Hello,
I experience disk I/O issues on a ESXi with 3 VM
: one VM will hog all available I/O, leaving all others VM's I/O
almost suspended until I stop the IOs on the first.
I understand
all VM should get a little slow, but what I see is an all-or-nothing
situation.
I enclose 2 graphs which explains the issue. perfs_disques_1.jpg is the bandwidth stacked-per-VM graph, where I explain what is what. The 2nd one is the IOPS (sort of) graph on the host-level.
Principle :
1-
I generate some IO on VM1
2- I initiate a reboot of VM 2 and 3
3-
if given "intense" enough IO, VM1 will keep VM2 and 3 from rebooting
until I stop the IO generation process.
The results are
reproductible without fail. As simply extracting an archive on VM1 is enough to
hog all VM 2 and 3's IOs, I'm not sure it's supposed to work like this...
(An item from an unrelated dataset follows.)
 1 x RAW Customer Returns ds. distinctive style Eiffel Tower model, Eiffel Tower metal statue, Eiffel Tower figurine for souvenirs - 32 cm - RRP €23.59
Is it a bug or bad driver ? If
not, are there some advanced parameters (aside from disk shares, which
I'm aware of) I can tune to make ESXi cope better and balance the IO
between the VM like it should ?
NB : I understand not having cache
for the RAID controller doesn't help performance, but as I see it raw
performance isn't the issue there, the issue is bad load-balancing
before it even get to the disk.
Thanks for the help !
Software :
- ESXi 4
update 2 (generic version)
- firmware (BIOS and RAID controller) updated to latest version
Hardware :
- DL160 G6 1P (Xeon
E5520)
- 12 Go RAM
- Smart Array P410 without cache
- 2 SAS 15k HDD (RAID 1)
ESX does not cache for disk writes. The BBWC will cache your writes, freeing up the VMs to move onto their next SCSI call.
Believe me, I have experienced an HP DL-380 without BBWC and the perf slowness is VERY noticeable. Installed BBWC and no more perf issues.
-MattG
Without the cache you are going to have bad performance with ESX. I would recommend getting the BBWC module and then retrying.
-MattG
If you find this information useful, please award points for "correct" or "helpful".
Do you have any resource reservations on the VMs. What server hardware is the ESXi host running on? Disk controller and drive details?
Without the cache you are going to have bad performance with ESX. I would recommend getting the BBWC module and then retrying.
-MattG
If you find this information useful, please award points for "correct" or "helpful".
Hello,
thank you for your answer.
I'm not sure I understand correctly how it works.
As I see it, it is not that the disk can't provide the IO, it is that the IO request does not get to the disk quickly enough, because ESXi priorize the other VM.
How would adding a controller cache help me ?
Do you have any resource reservations on the VMs. What server hardware is the ESXi host running on? Disk controller and drive details?
No reservation, and you can find hardware detail at the end of the first post.
In addition to what others have said, ESX does NOT load balance I/O either. you only have 2 SAS drives, the first thing after getting a battery cache, is to add some more drives, 2 is hardly enough to sustain IO as you can see. So you need AT LEAST 6 more drives.
ESX does not cache for disk writes. The BBWC will cache your writes, freeing up the VMs to move onto their next SCSI call.
Believe me, I have experienced an HP DL-380 without BBWC and the perf slowness is VERY noticeable. Installed BBWC and no more perf issues.
-MattG
OK, thank all of you for your help.
As for the suggestion to buy more drives ; it is not really needed : I used IOmeter to generate this IO but it does not represent the real workload, which will be much smaller.